[Stored records]

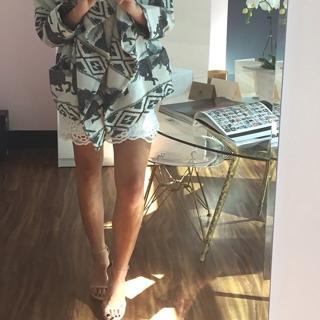 Charissa Thompson feet photo thumbnail
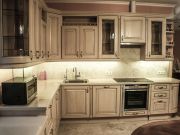 Кухонный гарнитур в классическом стиле из линейки Positano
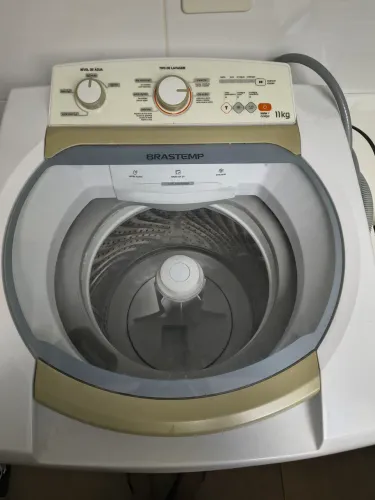 Máquina de lavar usada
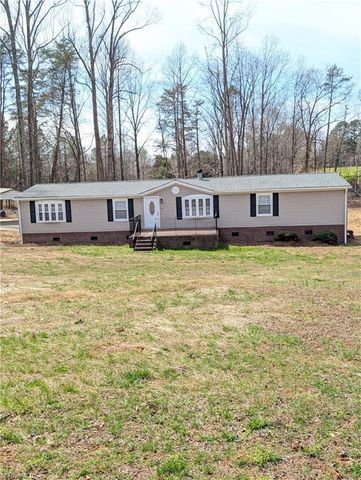 162 Albert Road, Stokesdale, NC 27357
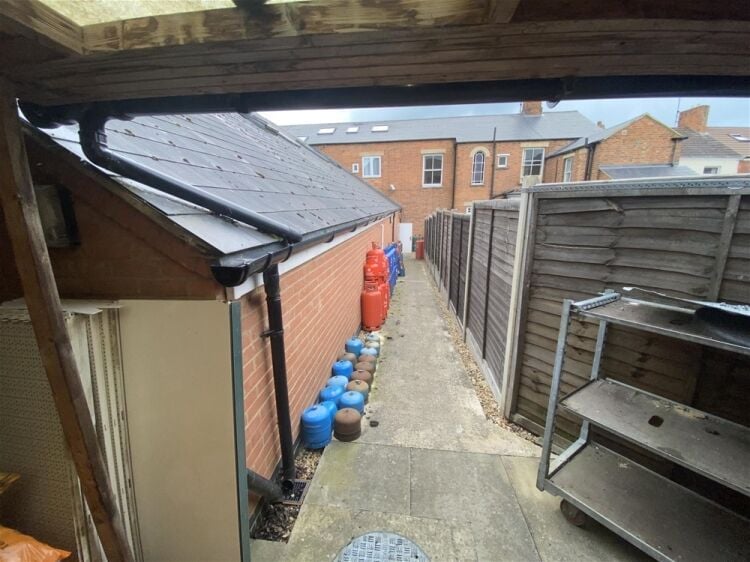 Retail For Sale in Kettering Photo 11
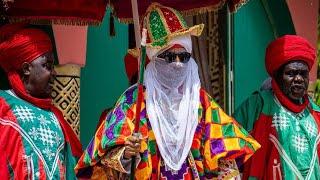 Sarkin Kano yayi wata shiga ta musamman, a karon farko tun bayan daya dawo Sarauta.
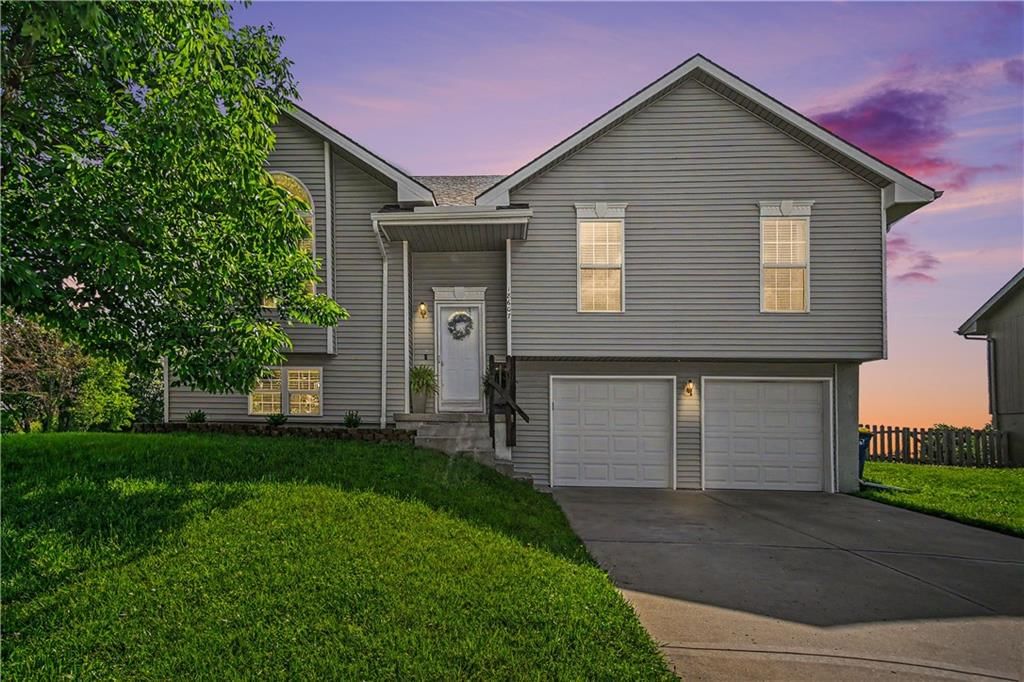 18607 Wildflower Drive, Smithville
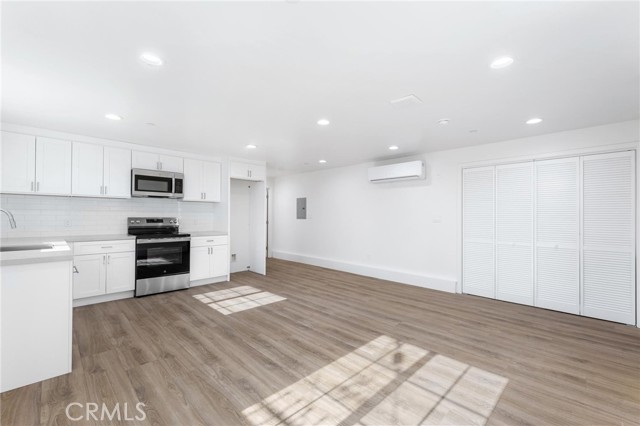 Detail Gallery Image 22 of 48 For 496 E 52nd, Long Beach,  CA 90805 - – Beds | – Baths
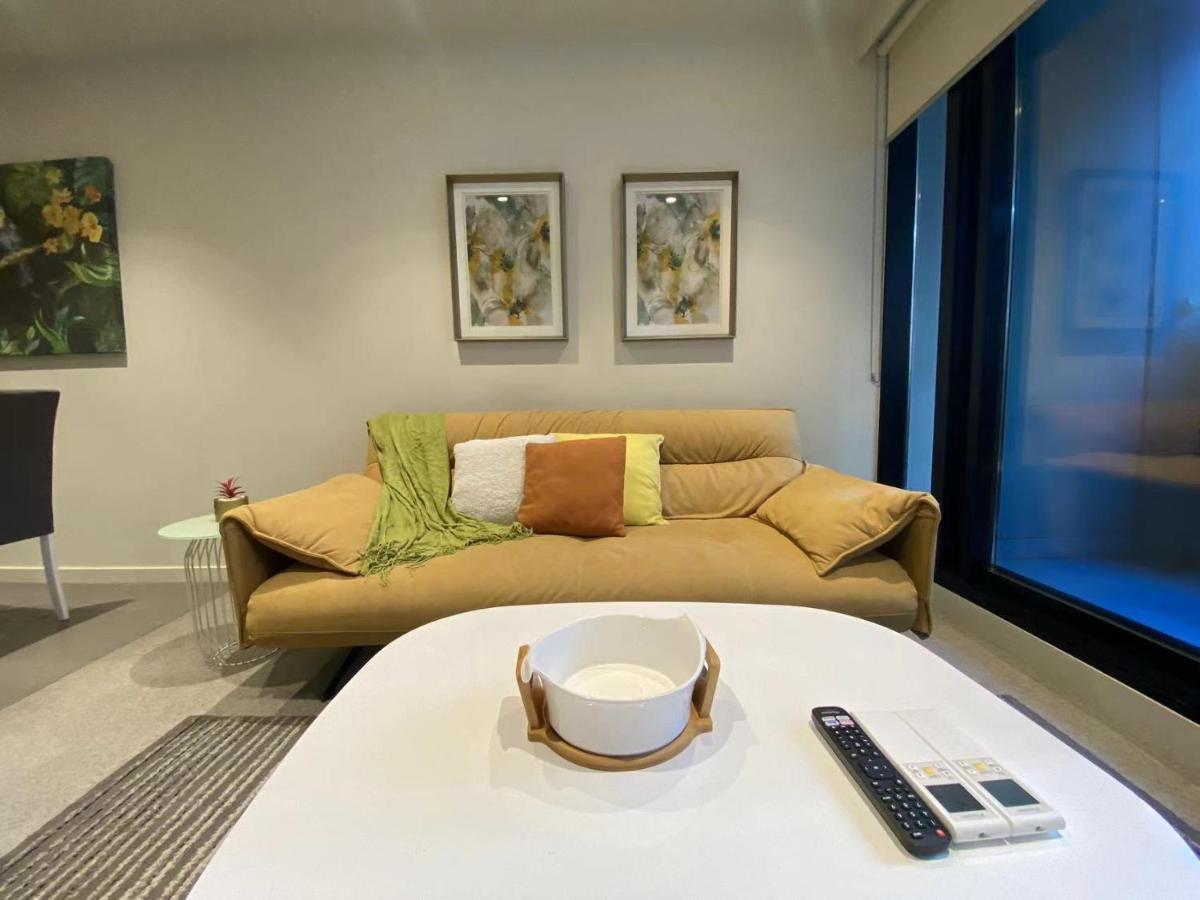 Beautiful Cozy In South Yarra Apartment Melbourne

TASK TO COMPLETE: Although the records contain pictures, restate them word for word with those pictures left out.

RESULT OF THIS EXERCISE:
 Charissa Thompson feet photo thumbnail
 Кухонный гарнитур в классическом стиле из линейки Positano
 Máquina de lavar usada
 162 Albert Road, Stokesdale, NC 27357
 Retail For Sale in Kettering Photo 11
 Sarkin Kano yayi wata shiga ta musamman, a karon farko tun bayan daya dawo Sarauta.
 18607 Wildflower Drive, Smithville
 Detail Gallery Image 22 of 48 For 496 E 52nd, Long Beach,  CA 90805 - – Beds | – Baths
 Beautiful Cozy In South Yarra Apartment Melbourne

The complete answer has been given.